From c40b73fc453caf123e806adebac6c69b003bc636 Mon Sep 17 00:00:00 2001
From: Csaba Henk <csaba@redhat.com>
Date: Sat, 19 May 2012 02:43:05 +0530
Subject: geo-rep / gsyncd: further cleanup refinements

- Regarding issue of leftover ssh control dirs:

  If master side worker is stuck in connection establishment
  phase, have the monitor kill it softly (ie. first by SIGTERM,
  to let it cleanup). This is trickier than sounds on first hearing,
  because if worker is stuck in waiting for a RePCe answer
  (in threading.Condition().wait()), then SIGTERM is ignored
  (more precisely, Python holds it back for the wait and resends it to
  itself when wait is over).

  So instead of signalling the worker only, we send TERM to the
  whole process group -- that brings down the ssh connection, which
  wakes up the waiting worker, which then can cleanup. Only problem
  is that monitor is also in the process group and it should not coomit
  a suicide. That is taken care by setting up a one-time SIGTERM
  handler in the monitor.

- Regarding slave gsyncd stuck in chdir:

  Slave gsyncd is usually well behaved: if master does not send
  keepalives, it takes care to exit. However, if a hang occurs
  in early phase, when slave is to change to the gluster mountpoint,
  no timeout is set up for that (and unlike on master side, neither
  is there an external actor like the monitor to do that).

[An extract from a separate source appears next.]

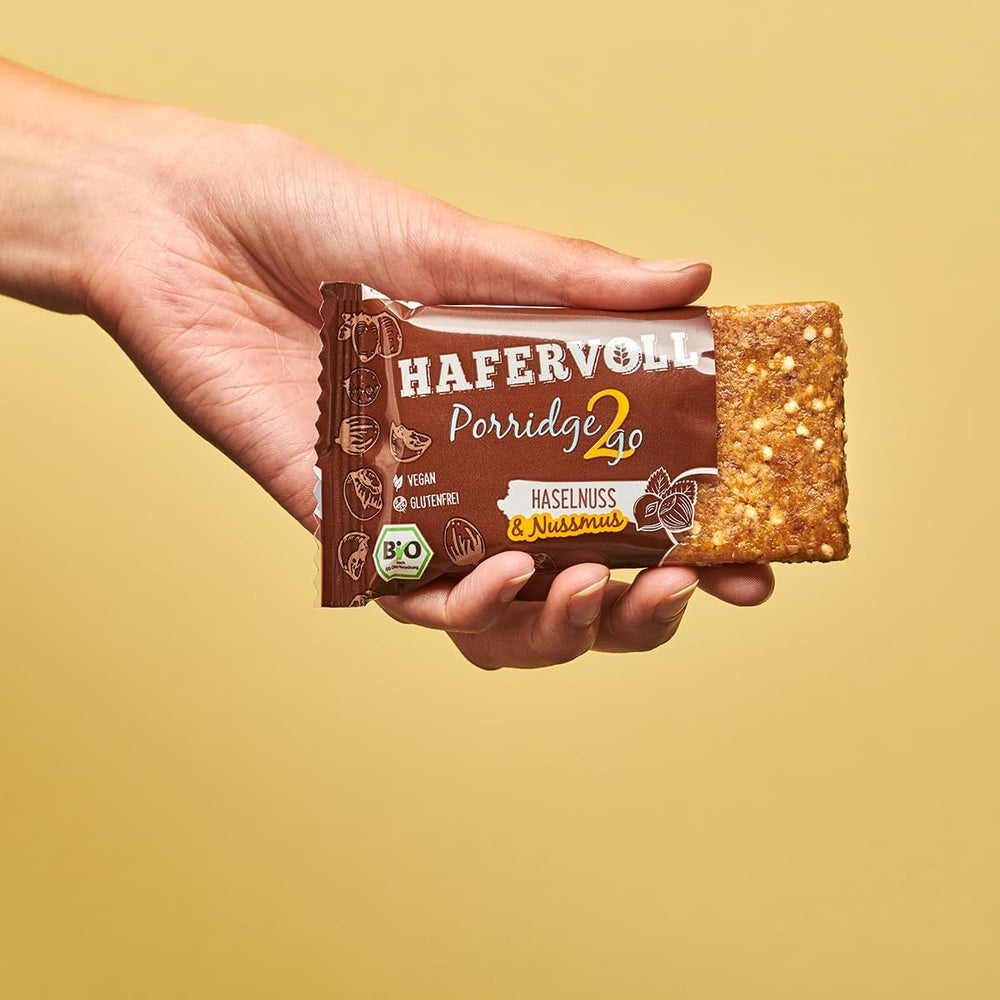 Hafervoll Porridge2go Unt de alune și nuci, 13 batoane x 55g - Vegan, Organic, Fără gluten, Gustare fără zahăr adăugat, cu ovăz, curmale și bomboane de quinoa
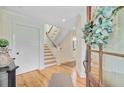 Bright foyer with hardwood floors, white wainscoting, and staircase leading to the second floor at 22 Beachwood East, Isle of Palms, SC 29451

  So, to manage this scenario, we do the chdir in a (supposedly)
  short lived thread, and in the main thread we wait for the termination
  of this thread. If that does not happen within the time limit, main
  thread calls for cleanup and exit. (This logic explicitely takes the
  appropriate action in the cases when chdir succeeds or when hangs;
  but what about the remaining case, when chdir fails? Well in that case
  the chdir thread's exception handler will put the process to
  cleanup and exit route.)

Change-Id: I6ad6faa9c7b1c37084d171d1e1a756abaff9eba8
BUG: 786291
Signed-off-by: Csaba Henk <csaba@redhat.com>
Reviewed-on: http://review.gluster.com/3376
Tested-by: Gluster Build System <jenkins@build.gluster.com>
Reviewed-by: Anand Avati <avati@redhat.com>
---
 xlators/features/marker/utils/syncdaemon/gsyncd.py     |  5 +++--
 xlators/features/marker/utils/syncdaemon/monitor.py    |  8 +++++++-
 xlators/features/marker/utils/syncdaemon/resource.py   | 10 +++++++++-
 xlators/features/marker/utils/syncdaemon/syncdutils.py |  5 ++++-
 4 files changed, 23 insertions(+), 5 deletions(-)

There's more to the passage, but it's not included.